-¿Poeta, qué es esto? ¿Corresponde así a la hidalguía de quien no quiere echarlo a prisión? ¡Déjeme la muchacha, porque soy amigo de sus papás, y en Casanare se le muere! Yo le guardaré la reserva. ¡El cuerpo de¡ delito para mí, para mí! ¡Déjemela, para mí!
Antes que terminara, con esguince colérico le zafé a Alicia uno de sus zapatos, y lanzando al hombre contra el tabique, lo acometí a golpes de tacón en el rostro y en la cabeza. El borracho, tartamudeante, se desplomó sobre los sacos de arroz que ocupaban el ángulo de la sala.
Allí roncaba media hora después, cuando Alicia, don Rafo y yo huimos en busca de las llanuras intérminas.
-Aquí está el café -dijo don Rafo, parándose delante del mosquitero- Despabílense, niños, que estamos en Casanare.

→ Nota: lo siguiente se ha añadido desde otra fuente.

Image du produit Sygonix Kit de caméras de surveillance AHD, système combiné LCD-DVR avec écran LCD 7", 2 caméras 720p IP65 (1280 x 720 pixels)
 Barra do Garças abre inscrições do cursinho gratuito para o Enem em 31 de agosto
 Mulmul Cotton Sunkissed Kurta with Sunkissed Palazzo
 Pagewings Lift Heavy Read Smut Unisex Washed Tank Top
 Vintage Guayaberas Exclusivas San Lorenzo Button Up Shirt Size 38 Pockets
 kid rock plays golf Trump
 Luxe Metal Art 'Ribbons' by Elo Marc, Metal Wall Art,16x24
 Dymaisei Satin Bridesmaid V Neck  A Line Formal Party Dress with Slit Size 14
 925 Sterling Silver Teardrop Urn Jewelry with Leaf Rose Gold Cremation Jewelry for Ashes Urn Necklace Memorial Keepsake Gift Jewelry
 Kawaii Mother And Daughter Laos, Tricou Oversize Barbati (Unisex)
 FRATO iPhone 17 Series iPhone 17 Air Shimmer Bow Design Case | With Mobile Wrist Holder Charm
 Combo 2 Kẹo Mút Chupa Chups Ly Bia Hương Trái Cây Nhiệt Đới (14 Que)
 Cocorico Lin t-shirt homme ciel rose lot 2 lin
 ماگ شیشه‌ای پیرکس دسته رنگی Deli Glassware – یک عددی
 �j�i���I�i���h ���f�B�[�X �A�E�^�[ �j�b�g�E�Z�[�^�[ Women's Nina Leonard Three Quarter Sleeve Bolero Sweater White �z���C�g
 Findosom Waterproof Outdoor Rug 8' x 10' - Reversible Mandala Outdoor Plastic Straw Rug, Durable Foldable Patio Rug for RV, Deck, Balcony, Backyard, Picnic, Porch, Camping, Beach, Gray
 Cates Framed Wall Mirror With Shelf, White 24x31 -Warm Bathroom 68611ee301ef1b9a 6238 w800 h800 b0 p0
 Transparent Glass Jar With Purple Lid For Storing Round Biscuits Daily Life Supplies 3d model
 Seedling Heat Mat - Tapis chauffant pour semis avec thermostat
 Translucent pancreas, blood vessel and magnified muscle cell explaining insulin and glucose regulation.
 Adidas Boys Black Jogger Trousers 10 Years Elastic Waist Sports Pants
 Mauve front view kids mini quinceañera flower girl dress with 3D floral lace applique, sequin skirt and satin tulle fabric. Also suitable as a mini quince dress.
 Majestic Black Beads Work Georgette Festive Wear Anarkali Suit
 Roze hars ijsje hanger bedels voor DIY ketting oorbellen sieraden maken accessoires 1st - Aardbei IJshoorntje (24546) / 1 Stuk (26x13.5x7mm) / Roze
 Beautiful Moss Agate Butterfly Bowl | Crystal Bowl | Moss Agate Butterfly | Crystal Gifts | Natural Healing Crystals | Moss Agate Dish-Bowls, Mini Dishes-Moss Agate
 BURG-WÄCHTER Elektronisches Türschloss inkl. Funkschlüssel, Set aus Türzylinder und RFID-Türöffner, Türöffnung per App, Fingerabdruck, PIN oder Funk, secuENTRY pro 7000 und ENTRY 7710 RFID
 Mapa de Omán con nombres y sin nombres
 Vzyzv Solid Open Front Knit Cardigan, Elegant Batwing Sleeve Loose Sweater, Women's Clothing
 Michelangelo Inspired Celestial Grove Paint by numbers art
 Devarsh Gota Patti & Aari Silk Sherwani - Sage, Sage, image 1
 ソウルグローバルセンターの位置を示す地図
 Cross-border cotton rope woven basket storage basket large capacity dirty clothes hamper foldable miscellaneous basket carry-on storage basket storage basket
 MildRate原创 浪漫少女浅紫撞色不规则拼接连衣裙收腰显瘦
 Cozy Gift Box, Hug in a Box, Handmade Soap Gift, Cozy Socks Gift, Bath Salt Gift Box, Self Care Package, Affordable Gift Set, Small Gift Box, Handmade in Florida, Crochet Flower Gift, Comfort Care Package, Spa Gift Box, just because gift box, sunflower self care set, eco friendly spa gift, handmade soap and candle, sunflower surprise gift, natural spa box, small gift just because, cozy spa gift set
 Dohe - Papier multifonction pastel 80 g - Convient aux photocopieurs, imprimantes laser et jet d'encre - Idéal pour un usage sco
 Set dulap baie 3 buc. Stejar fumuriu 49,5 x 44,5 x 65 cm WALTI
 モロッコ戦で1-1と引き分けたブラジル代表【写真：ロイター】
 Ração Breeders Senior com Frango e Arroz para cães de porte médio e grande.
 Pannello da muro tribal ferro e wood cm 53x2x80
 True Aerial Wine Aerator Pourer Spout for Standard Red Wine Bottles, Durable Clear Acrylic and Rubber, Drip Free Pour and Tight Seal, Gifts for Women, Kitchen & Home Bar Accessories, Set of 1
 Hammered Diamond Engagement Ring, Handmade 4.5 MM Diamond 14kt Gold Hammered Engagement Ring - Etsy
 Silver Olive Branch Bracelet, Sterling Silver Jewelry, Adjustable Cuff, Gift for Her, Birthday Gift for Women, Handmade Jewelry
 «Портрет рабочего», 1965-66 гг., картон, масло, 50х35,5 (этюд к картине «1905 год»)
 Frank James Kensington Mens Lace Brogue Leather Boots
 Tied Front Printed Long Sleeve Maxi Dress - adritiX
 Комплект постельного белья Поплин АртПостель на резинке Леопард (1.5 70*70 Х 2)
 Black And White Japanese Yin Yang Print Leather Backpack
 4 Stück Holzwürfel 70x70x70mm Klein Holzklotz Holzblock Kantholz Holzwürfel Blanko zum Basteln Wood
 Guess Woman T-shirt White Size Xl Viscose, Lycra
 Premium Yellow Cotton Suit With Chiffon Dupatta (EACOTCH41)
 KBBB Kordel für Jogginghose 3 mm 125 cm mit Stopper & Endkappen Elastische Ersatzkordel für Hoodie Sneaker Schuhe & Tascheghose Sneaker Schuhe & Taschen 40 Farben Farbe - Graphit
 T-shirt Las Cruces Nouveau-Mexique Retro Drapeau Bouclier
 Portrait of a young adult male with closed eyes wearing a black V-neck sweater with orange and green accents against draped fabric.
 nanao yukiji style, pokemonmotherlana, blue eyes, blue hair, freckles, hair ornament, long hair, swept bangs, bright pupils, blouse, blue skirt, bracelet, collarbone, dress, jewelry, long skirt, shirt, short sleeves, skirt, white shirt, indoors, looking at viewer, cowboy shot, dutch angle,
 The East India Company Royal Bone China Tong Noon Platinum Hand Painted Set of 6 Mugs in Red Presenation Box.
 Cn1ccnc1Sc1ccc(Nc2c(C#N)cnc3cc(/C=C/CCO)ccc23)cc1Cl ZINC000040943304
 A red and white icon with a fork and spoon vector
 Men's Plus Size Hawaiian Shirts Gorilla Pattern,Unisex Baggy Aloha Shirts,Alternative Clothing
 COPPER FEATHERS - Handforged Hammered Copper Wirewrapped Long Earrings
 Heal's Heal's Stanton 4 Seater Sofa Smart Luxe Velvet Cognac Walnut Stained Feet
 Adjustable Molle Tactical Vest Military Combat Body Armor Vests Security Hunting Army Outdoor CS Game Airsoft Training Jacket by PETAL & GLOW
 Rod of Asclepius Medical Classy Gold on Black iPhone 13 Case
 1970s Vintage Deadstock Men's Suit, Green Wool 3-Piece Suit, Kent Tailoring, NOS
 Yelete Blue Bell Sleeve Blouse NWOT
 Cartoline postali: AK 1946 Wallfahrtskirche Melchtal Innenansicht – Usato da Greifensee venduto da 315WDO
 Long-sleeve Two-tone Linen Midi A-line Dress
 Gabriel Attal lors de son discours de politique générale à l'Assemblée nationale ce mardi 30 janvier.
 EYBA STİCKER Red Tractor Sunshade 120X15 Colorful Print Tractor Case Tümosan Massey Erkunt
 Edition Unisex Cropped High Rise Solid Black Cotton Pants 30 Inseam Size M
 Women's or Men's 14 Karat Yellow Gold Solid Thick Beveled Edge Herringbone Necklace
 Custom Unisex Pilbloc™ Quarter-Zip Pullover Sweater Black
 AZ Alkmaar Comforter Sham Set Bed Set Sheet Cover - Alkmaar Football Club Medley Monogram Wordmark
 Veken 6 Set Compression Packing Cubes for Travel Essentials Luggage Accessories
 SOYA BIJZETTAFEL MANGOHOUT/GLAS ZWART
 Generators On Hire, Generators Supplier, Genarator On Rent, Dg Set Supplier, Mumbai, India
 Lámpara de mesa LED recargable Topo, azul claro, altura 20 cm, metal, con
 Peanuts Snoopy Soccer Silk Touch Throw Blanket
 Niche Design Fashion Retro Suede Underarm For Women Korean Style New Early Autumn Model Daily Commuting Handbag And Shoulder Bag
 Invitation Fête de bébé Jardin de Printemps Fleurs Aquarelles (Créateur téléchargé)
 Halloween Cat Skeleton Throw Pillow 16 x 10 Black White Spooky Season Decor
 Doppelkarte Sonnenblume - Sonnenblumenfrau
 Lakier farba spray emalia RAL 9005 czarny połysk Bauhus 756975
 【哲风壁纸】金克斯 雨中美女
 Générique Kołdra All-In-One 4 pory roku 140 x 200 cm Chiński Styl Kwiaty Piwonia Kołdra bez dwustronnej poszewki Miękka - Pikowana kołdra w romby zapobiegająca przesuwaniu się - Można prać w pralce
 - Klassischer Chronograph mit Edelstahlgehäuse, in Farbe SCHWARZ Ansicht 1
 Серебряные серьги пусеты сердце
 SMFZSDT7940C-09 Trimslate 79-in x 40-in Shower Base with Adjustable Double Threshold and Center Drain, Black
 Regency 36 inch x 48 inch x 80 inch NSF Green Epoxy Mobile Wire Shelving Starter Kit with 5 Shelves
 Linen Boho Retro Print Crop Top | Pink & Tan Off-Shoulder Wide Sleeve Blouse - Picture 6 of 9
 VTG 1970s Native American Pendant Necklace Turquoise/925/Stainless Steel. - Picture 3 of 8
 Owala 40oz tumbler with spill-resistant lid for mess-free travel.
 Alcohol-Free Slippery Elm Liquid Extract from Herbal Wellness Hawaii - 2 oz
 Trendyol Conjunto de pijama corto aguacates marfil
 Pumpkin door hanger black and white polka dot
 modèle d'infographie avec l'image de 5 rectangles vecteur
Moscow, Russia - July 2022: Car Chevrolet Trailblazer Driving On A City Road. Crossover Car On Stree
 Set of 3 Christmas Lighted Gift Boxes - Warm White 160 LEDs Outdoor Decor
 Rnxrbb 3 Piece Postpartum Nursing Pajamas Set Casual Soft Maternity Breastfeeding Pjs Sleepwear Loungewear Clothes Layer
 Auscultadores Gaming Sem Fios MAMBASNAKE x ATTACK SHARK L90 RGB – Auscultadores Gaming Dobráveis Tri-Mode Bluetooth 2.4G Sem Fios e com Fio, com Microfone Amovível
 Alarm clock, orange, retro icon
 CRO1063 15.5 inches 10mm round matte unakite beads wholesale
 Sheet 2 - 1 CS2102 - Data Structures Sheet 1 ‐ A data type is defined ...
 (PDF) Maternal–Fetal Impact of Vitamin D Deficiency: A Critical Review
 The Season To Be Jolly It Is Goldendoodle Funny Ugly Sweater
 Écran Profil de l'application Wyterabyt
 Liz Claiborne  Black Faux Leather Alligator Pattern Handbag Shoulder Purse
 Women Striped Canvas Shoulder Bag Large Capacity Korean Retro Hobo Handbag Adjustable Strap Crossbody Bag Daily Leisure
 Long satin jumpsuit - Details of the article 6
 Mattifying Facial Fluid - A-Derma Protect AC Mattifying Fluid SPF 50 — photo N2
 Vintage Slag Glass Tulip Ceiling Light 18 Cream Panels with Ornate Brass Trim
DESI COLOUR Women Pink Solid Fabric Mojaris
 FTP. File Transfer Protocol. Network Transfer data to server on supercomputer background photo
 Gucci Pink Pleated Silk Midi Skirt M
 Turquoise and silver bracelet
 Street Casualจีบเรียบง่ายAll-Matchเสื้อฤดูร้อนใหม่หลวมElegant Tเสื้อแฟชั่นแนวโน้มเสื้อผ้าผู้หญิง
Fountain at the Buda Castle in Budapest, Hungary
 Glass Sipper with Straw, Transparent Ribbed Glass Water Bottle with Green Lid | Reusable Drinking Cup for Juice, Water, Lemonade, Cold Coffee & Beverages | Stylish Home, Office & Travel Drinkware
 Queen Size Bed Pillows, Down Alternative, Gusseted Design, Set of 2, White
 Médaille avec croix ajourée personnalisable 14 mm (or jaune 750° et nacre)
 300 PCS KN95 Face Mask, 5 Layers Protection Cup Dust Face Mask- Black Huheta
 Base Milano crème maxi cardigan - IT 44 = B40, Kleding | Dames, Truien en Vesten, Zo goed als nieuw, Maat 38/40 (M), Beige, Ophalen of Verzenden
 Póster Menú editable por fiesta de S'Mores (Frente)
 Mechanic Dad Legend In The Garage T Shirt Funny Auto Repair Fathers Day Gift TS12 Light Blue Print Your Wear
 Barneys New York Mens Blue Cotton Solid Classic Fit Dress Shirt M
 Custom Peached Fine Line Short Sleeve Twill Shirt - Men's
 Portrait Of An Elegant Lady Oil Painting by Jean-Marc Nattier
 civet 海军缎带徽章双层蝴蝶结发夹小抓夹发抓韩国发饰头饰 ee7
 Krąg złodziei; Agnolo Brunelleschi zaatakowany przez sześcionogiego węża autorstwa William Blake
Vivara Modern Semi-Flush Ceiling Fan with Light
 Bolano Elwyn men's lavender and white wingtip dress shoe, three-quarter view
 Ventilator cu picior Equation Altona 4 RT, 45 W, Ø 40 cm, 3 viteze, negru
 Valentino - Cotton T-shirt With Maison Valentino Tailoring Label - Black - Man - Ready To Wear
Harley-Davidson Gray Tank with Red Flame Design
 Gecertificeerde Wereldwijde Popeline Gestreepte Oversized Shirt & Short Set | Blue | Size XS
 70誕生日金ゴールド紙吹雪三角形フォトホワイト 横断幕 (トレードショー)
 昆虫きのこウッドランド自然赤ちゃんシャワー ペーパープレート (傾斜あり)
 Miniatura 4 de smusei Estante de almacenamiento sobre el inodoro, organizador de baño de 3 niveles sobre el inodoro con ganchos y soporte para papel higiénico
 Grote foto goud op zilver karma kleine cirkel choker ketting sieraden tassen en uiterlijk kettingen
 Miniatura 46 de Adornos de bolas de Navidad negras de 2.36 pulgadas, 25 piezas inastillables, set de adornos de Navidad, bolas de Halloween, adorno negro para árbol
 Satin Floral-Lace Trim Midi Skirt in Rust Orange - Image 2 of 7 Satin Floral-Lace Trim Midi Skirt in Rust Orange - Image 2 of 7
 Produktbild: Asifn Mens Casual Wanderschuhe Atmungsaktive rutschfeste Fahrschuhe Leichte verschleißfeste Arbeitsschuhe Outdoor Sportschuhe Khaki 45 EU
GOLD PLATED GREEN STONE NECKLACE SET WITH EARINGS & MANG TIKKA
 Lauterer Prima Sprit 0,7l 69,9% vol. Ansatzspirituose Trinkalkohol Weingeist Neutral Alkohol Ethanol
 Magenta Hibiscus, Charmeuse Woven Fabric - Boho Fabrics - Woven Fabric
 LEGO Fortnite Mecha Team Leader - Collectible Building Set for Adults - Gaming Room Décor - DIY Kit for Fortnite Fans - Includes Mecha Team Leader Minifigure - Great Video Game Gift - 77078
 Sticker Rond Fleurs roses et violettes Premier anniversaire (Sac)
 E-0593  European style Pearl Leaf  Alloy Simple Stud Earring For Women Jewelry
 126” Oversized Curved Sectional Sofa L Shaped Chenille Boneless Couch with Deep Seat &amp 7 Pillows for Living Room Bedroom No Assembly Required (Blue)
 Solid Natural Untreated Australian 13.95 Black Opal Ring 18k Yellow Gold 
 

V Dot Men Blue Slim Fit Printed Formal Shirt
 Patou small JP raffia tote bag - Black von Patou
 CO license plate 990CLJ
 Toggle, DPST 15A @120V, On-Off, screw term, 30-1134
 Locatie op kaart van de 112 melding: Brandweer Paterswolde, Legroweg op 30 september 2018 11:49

Alicia nos saludó con tono cordial y ánimo limpio.
-¿Ya quiere salir el sol?
-Tarda todavía: el carrito de estrellas apenas va llegando a la loma. -Y nos señaló don Rafo la cordillera, diciendo-: Despidámonos de ella, porque no la volveremos a ver. Sólo quedan llanos, llanos y llanos.
Mientras apurábamos el café, nos llegaba el vaho de la madrugada, un olor a pajonal fresco, a tierra removida, a leños recién cortados, y se insinuaban leves susurros en los abanicos de los moriches. A veces, bajo la transparencia estelar, cabeceaba alguna palmera humillándose hacia el oriente. Un regocijo inesperado nos henchía las venas, a tiempo que nuestros espíritus, dilatados como la pampa, ascendían agradecidos de la vida y de la creación.